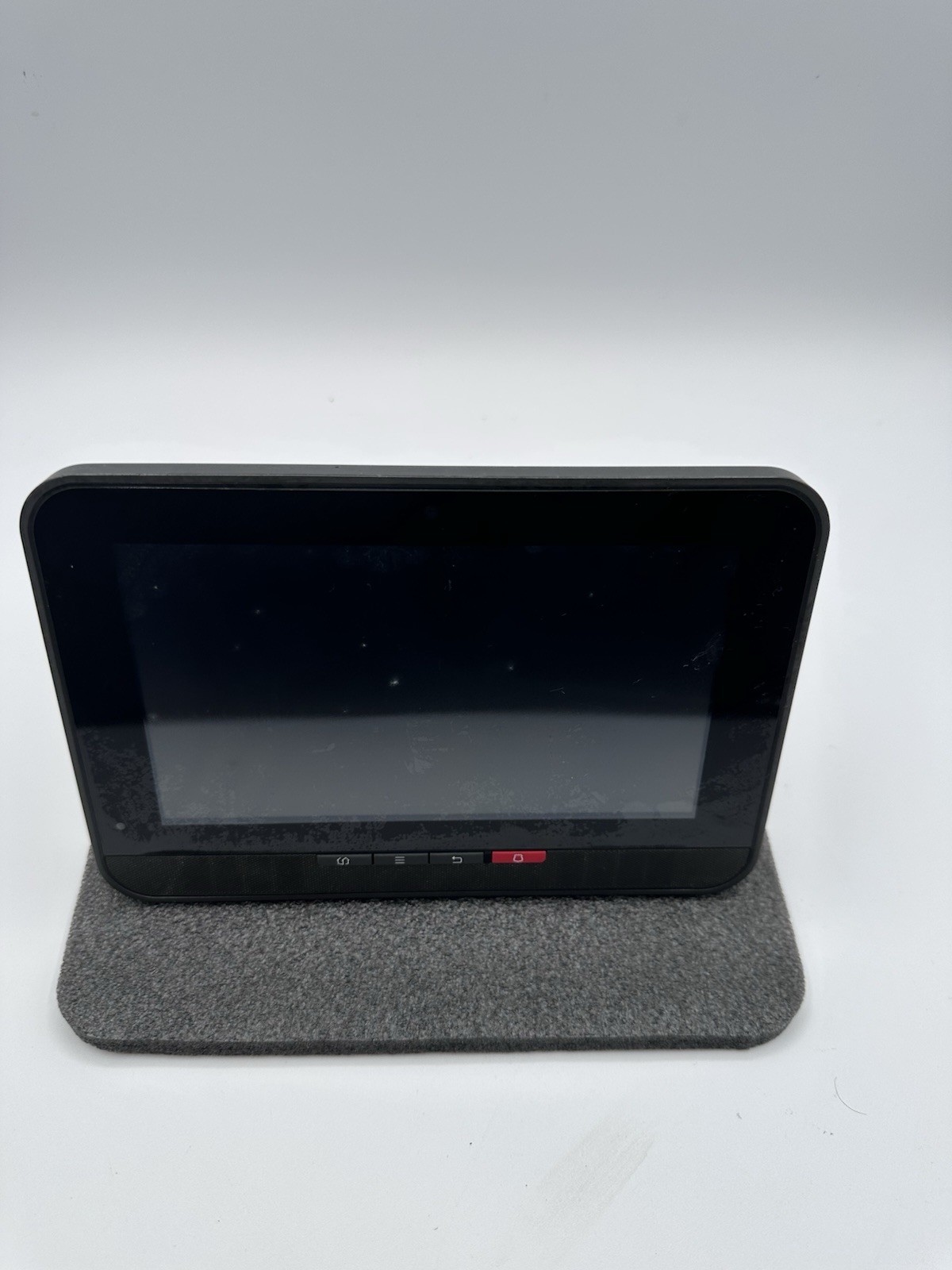 USED - Xfinity Technicolor Intertek TCA203COMG Home Automation Touchscreen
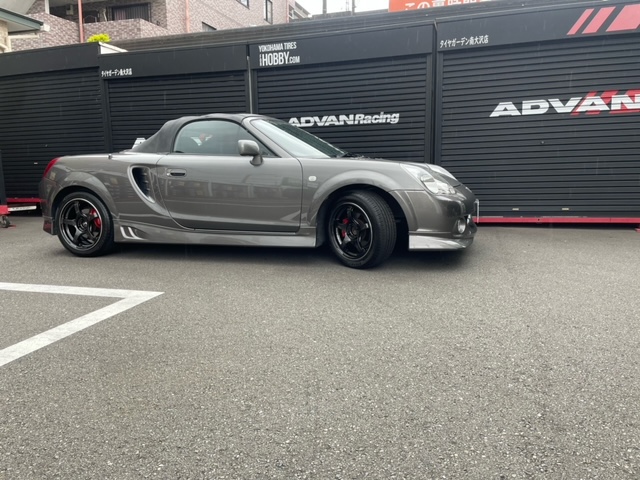 トヨタ MR-S に ADVAN Racing TC-4を装着(^^♪
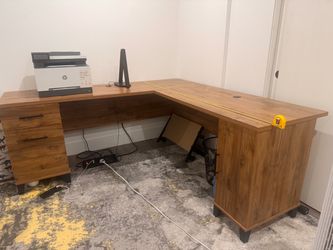 Corner Desk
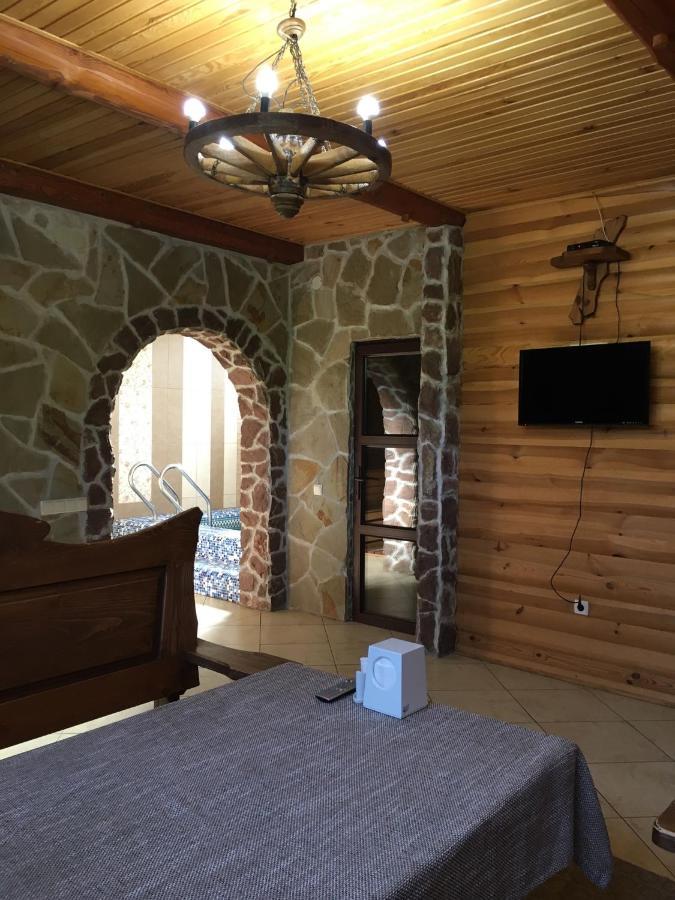 Sokolyne Gnizdo Hotel Korostov Bagian luar foto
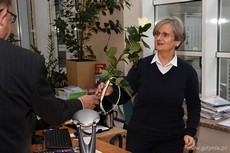 Dyrektor Urzędu Miasta Gdyni wręcza różę urzędnicze pracującej w sobotę w Sali Obsługi Mieszkańców w gdyńskim magistracie, fot. Michał Puszczewicz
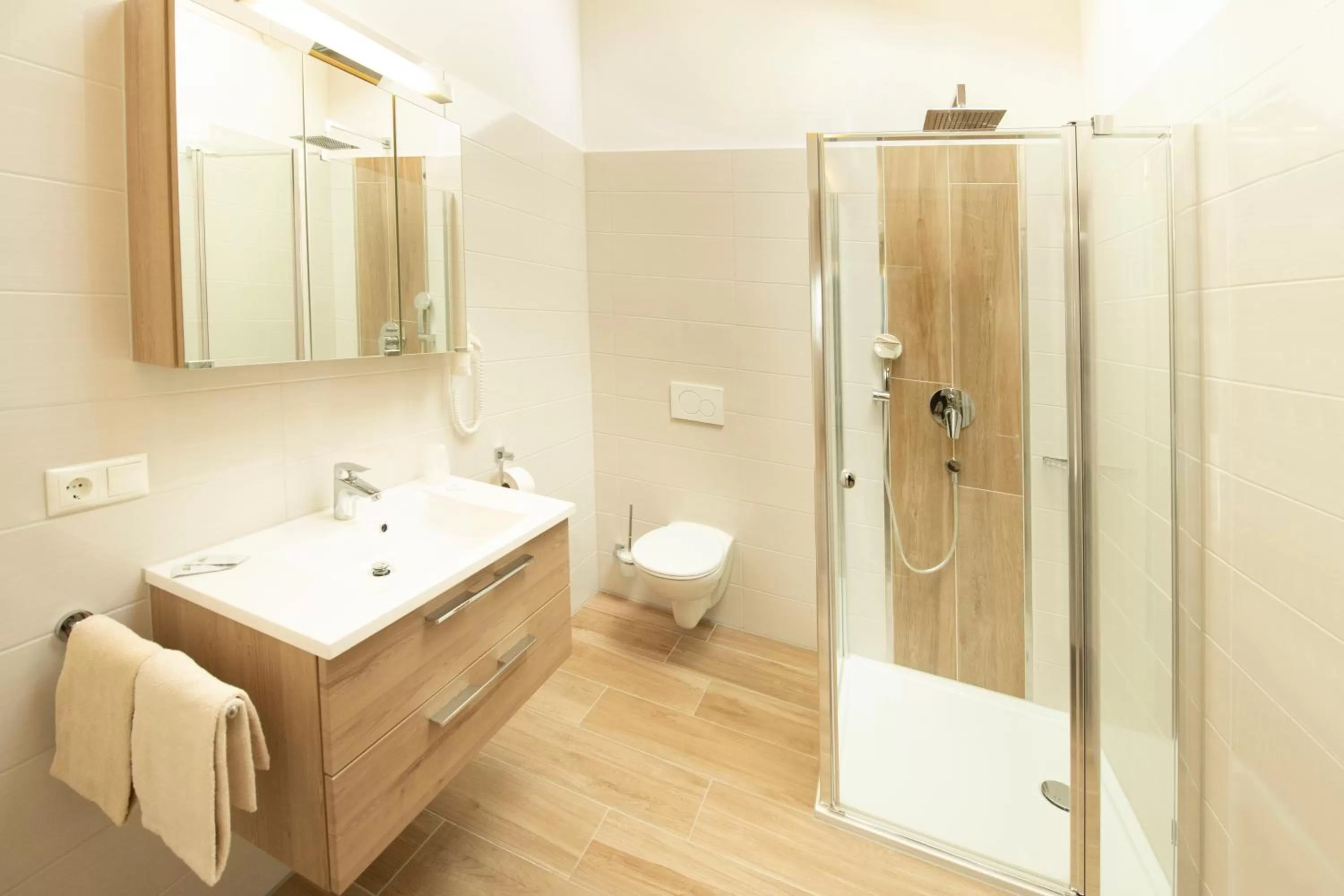 Bathroom in Stadthotel Donauwörth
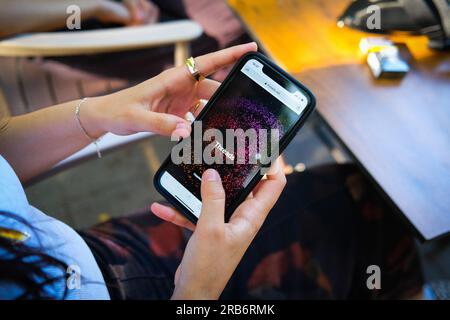 Turquie. 07 juillet 2023. Dans cette illustration photo, un logo de threads vu affiché sur un smartphone. Les threads, qui sont venus au premier plan avec Meta étant un rival de Twitter, ont gagné plus de 30 millions d'utilisateurs le premier jour. Crédit : SOPA Images Limited/Alamy Live News Banque D'Images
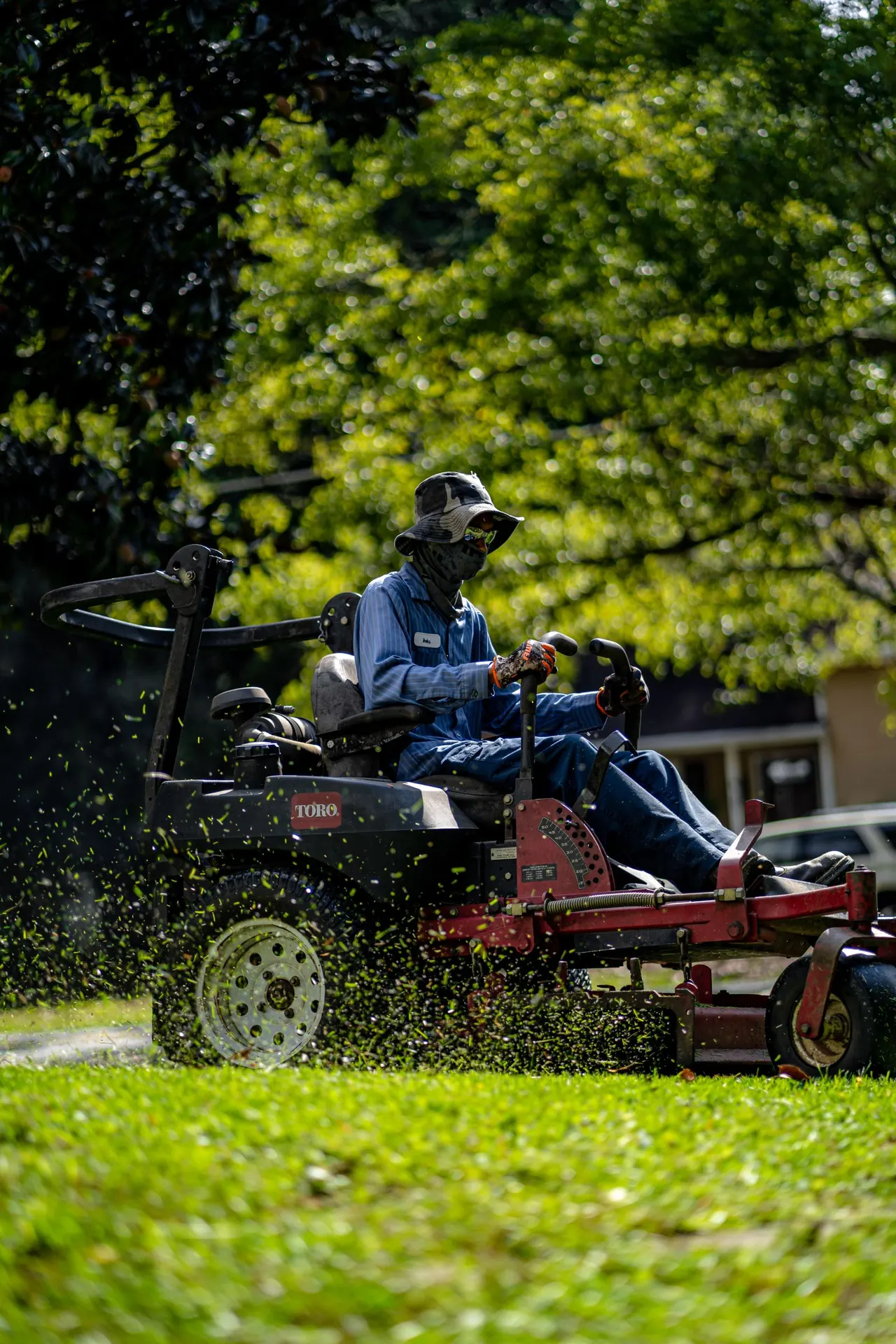 How to Mow St. Augustinegrass in Riverview Without Stressing the Lawn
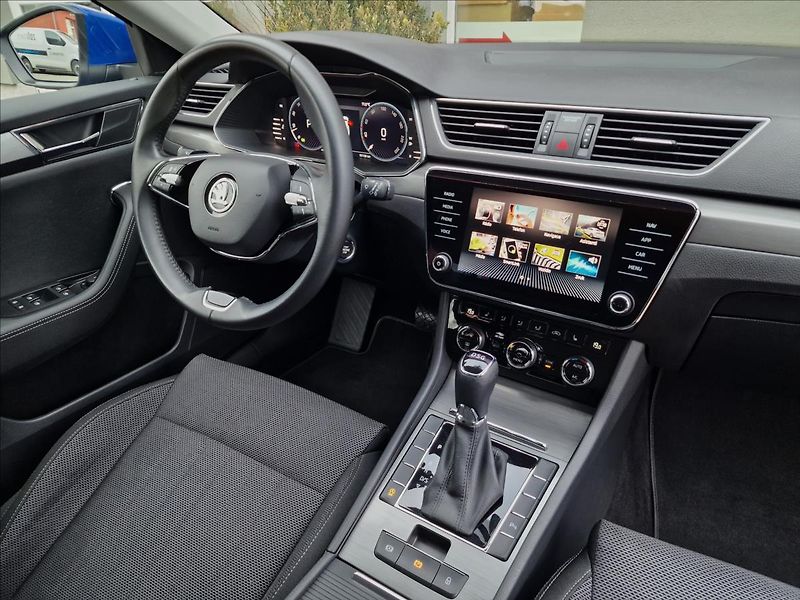 Škoda Superb 1.5 TSI 110kW DSG Style,1.Maj - fotka 39 z 50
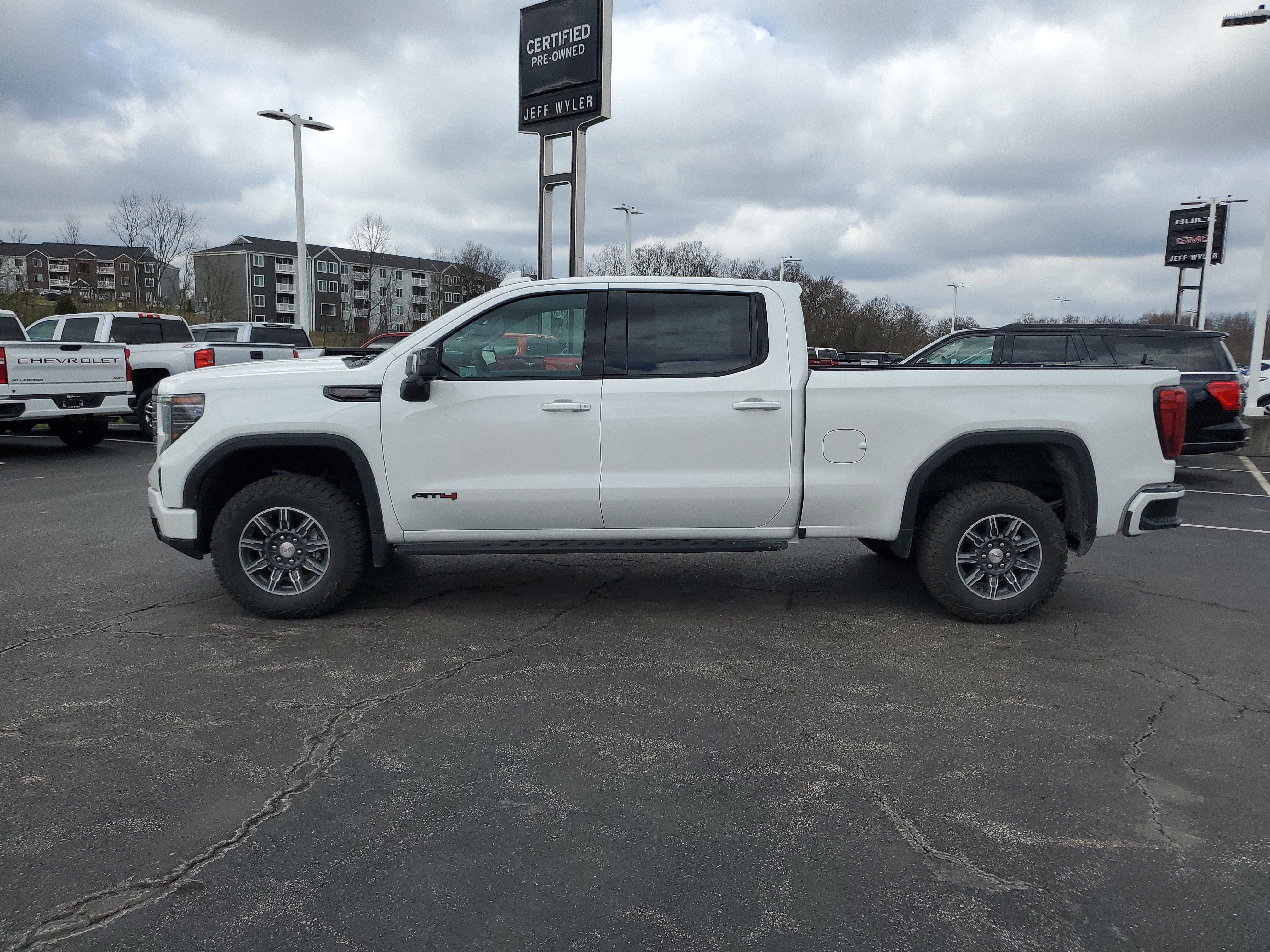 New 2026 GMC Sierra 1500 AT4 w/ AT4 Premium Package image 8
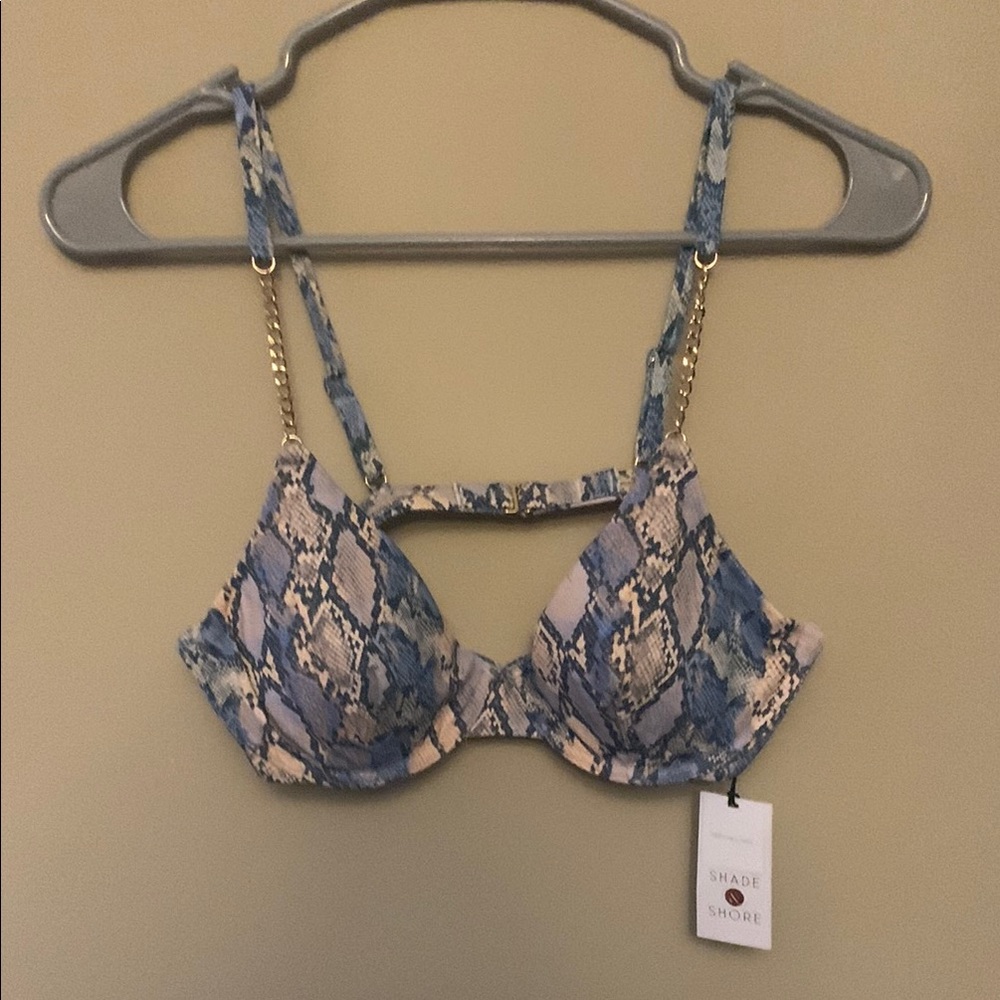 Shade & Shore Blue Snake Print top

........

TASK DESCRIPTION ▸ Only the lines from the top of the material above down to the line bearing "Dyrektor Urzędu Miasta", that line included, should be set down exactly; no pictures.

WRITTEN REPLY ▸
 USED - Xfinity Technicolor Intertek TCA203COMG Home Automation Touchscreen
 トヨタ MR-S に ADVAN Racing TC-4を装着(^^♪
 Corner Desk
 Sokolyne Gnizdo Hotel Korostov Bagian luar foto
 Dyrektor Urzędu Miasta Gdyni wręcza różę urzędnicze pracującej w sobotę w Sali Obsługi Mieszkańców w gdyńskim magistracie, fot. Michał Puszczewicz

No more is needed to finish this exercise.